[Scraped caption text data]
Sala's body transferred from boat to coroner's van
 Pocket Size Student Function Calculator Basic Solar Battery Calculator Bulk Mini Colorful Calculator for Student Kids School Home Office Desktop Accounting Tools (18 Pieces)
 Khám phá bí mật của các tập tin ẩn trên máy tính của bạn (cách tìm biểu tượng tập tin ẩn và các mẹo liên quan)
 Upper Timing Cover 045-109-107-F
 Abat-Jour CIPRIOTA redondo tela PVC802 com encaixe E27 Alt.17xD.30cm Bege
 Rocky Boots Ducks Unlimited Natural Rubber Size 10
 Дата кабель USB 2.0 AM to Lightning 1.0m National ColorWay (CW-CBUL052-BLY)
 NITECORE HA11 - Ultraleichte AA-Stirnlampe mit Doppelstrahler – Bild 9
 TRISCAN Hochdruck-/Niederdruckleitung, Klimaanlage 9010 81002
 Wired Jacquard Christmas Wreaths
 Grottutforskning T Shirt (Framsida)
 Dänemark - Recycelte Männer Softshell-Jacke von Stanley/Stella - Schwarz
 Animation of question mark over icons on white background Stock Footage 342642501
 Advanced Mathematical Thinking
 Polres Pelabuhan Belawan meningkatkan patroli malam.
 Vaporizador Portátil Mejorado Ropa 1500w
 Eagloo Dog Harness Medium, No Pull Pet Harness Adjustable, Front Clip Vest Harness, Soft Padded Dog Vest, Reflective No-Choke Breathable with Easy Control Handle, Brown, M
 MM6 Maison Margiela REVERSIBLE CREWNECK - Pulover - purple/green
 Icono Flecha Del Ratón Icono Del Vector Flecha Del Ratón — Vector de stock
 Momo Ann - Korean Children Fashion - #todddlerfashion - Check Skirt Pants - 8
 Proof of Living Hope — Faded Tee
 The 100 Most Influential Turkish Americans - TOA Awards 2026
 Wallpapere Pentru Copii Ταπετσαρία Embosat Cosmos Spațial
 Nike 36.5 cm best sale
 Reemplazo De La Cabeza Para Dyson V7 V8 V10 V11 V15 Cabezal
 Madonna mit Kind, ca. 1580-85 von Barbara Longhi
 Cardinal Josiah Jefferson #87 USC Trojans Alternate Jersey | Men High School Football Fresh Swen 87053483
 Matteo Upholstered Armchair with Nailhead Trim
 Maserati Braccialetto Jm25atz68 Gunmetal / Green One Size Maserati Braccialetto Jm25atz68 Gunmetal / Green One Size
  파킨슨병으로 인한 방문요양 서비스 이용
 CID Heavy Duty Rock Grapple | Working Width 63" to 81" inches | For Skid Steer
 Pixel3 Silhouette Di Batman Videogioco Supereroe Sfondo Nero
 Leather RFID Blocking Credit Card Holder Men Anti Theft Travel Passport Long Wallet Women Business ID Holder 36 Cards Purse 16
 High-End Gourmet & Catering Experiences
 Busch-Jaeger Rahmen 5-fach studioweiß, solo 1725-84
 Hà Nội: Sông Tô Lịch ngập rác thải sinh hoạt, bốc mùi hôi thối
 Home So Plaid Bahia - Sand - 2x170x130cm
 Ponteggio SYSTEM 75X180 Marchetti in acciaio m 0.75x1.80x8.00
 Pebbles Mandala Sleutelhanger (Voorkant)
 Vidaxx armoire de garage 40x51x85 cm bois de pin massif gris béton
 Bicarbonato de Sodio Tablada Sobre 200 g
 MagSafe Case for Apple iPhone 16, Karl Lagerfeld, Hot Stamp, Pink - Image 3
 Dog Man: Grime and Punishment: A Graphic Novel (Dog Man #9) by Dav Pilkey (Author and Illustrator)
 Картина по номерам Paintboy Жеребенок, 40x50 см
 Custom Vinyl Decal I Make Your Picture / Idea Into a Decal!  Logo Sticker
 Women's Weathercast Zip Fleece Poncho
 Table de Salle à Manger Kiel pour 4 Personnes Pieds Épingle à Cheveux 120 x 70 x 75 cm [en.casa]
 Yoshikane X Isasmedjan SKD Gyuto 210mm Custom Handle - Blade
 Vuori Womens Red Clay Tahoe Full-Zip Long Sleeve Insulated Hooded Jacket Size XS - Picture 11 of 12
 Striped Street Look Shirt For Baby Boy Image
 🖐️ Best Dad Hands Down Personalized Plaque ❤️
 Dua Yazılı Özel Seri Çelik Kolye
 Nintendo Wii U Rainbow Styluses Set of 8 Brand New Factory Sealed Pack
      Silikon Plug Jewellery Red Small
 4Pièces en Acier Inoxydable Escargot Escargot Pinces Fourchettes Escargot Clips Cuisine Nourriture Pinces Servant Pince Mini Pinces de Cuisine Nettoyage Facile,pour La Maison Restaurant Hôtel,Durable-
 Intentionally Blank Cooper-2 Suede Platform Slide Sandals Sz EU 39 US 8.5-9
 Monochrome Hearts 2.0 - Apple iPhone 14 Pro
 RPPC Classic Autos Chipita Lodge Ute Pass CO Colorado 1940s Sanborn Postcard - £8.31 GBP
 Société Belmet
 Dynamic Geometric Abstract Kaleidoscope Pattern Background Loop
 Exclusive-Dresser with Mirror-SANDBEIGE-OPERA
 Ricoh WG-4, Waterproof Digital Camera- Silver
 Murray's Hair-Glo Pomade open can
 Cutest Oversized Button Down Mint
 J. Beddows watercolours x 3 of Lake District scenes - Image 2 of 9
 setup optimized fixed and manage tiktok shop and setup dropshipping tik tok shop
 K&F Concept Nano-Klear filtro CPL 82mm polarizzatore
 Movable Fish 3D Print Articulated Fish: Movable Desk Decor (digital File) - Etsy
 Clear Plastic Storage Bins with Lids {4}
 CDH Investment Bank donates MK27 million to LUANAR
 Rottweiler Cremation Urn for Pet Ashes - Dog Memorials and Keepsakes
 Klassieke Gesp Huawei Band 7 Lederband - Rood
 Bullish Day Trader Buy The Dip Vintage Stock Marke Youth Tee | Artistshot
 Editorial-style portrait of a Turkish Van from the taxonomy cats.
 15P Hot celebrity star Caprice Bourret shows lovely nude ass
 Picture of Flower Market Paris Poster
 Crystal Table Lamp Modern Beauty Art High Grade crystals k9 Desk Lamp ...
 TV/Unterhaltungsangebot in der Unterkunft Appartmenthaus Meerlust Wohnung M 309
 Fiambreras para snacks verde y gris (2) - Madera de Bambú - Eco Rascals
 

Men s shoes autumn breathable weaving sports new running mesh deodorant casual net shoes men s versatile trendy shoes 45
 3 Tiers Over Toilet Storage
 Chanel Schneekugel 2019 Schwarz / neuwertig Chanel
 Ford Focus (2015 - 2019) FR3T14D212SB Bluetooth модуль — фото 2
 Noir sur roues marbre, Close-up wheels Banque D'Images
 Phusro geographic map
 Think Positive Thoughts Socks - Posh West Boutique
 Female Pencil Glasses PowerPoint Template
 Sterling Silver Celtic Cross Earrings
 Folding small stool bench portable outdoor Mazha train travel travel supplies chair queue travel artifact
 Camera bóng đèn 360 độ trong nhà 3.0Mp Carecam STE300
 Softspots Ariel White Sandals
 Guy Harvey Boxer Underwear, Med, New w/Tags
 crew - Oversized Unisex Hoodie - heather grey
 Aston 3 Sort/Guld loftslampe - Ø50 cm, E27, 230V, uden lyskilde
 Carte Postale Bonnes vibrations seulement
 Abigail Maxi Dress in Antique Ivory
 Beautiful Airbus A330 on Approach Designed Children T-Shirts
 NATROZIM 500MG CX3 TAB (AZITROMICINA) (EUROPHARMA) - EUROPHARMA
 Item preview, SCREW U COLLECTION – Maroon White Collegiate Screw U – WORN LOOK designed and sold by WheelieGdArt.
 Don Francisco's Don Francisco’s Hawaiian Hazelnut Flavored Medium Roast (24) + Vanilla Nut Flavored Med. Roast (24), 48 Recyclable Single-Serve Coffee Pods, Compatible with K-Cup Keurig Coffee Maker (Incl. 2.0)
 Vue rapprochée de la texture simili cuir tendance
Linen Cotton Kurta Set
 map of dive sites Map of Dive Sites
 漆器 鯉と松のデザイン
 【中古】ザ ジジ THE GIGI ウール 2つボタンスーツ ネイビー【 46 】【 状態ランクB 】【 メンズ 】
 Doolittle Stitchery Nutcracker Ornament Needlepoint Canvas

→ How to complete this task
Given the data above, transcribe exactly the lines from the one containing "Leather RFID Blocking" down to the one containing "Striped Street Look Shirt For Baby Boy Image", and no others.

→ Answer space
 Leather RFID Blocking Credit Card Holder Men Anti Theft Travel Passport Long Wallet Women Business ID Holder 36 Cards Purse 16
 High-End Gourmet & Catering Experiences
 Busch-Jaeger Rahmen 5-fach studioweiß, solo 1725-84
 Hà Nội: Sông Tô Lịch ngập rác thải sinh hoạt, bốc mùi hôi thối
 Home So Plaid Bahia - Sand - 2x170x130cm
 Ponteggio SYSTEM 75X180 Marchetti in acciaio m 0.75x1.80x8.00
 Pebbles Mandala Sleutelhanger (Voorkant)
 Vidaxx armoire de garage 40x51x85 cm bois de pin massif gris béton
 Bicarbonato de Sodio Tablada Sobre 200 g
 MagSafe Case for Apple iPhone 16, Karl Lagerfeld, Hot Stamp, Pink - Image 3
 Dog Man: Grime and Punishment: A Graphic Novel (Dog Man #9) by Dav Pilkey (Author and Illustrator)
 Картина по номерам Paintboy Жеребенок, 40x50 см
 Custom Vinyl Decal I Make Your Picture / Idea Into a Decal!  Logo Sticker
 Women's Weathercast Zip Fleece Poncho
 Table de Salle à Manger Kiel pour 4 Personnes Pieds Épingle à Cheveux 120 x 70 x 75 cm [en.casa]
 Yoshikane X Isasmedjan SKD Gyuto 210mm Custom Handle - Blade
 Vuori Womens Red Clay Tahoe Full-Zip Long Sleeve Insulated Hooded Jacket Size XS - Picture 11 of 12
 Striped Street Look Shirt For Baby Boy Image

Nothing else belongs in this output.